Badende am Strand by Karl Schmidt-Rottluff is one of the finest and most mature of Schmidt-Rotluff’s paintings on his favourite and most enduring subject: nude bathers at the beach (estimate: £1-1.5 million). An outstanding example of the dramatic, mature Expressionist style that the artist developed in the early 1920s, Badende am Strand has been on permanent loan to the Germanisches Nationalmuseum in Nuremberg for the last 34 years.

Painted in 1922, Badende am Strand derives from one of the most important periods in Schmidt-Rotluff’s career when the artist was consciously forging a freer, more intense and optimistic form of Expressionist painting in the immediate aftermath of the First World War.
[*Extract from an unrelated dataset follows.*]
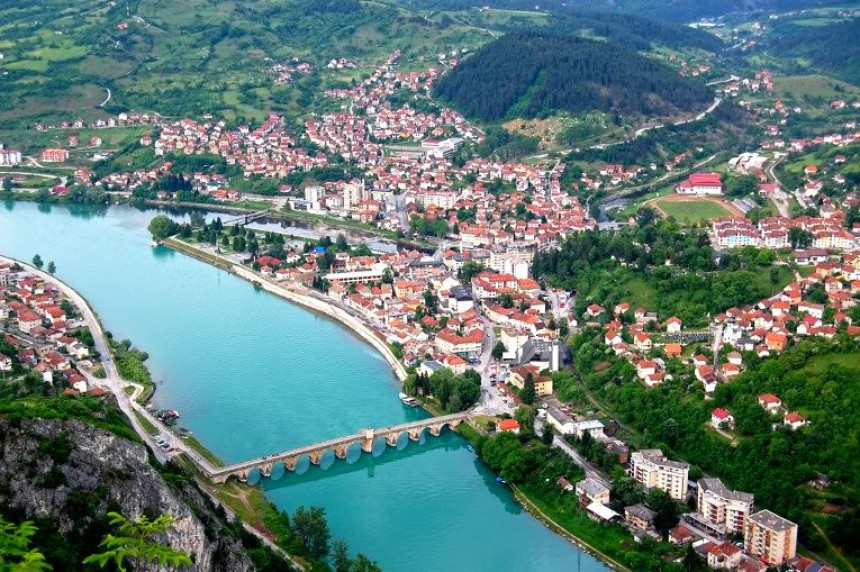 Pronađena bomba u dvorištu džamije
One of the most radical and near abstract of all Schmidt-Rottluff’s paintings, Badende am Strand is a work that not only represents a culmination in the direction his painting took after the War but also stands as one of the most interesting and significant of all his art works.


Three Piece Reclining Figure No. 2 (Bridge Prop), a monumental sculpture by Henry Moore, conceived in 1963, is a powerful example of the artist’s unique ability to balance figuration and abstraction in a sculptural, three-dimensional form (estimate: £2-3 million). Offered from a Private German Collection, Three Piece Reclining Figure No. 2 (Bridge Prop) is the second in a series of works begun in the early 1960s, in which Moore took the horizontal form of the reclining figure and split it into three distinct pieces. The reclining figure is one of the central themes of Moore’s work, a continual site of experimentation and exploration. Epitomising Moore’s fascination with the spatial, formal relationship between objects, Three Piece Reclining Figure No. 2 (Bridge Prop) illustrates how the sculptor used the human figure to present varied and abstract artistic concerns. Cast in an edition of six, other casts are housed in major museums and collections across the world: The Hirshhorn Museum and Sculpture Garden, Washington, D.C.; Brown University, Providence, Rhode Island; Tate Gallery, London and City Art Gallery, Leeds.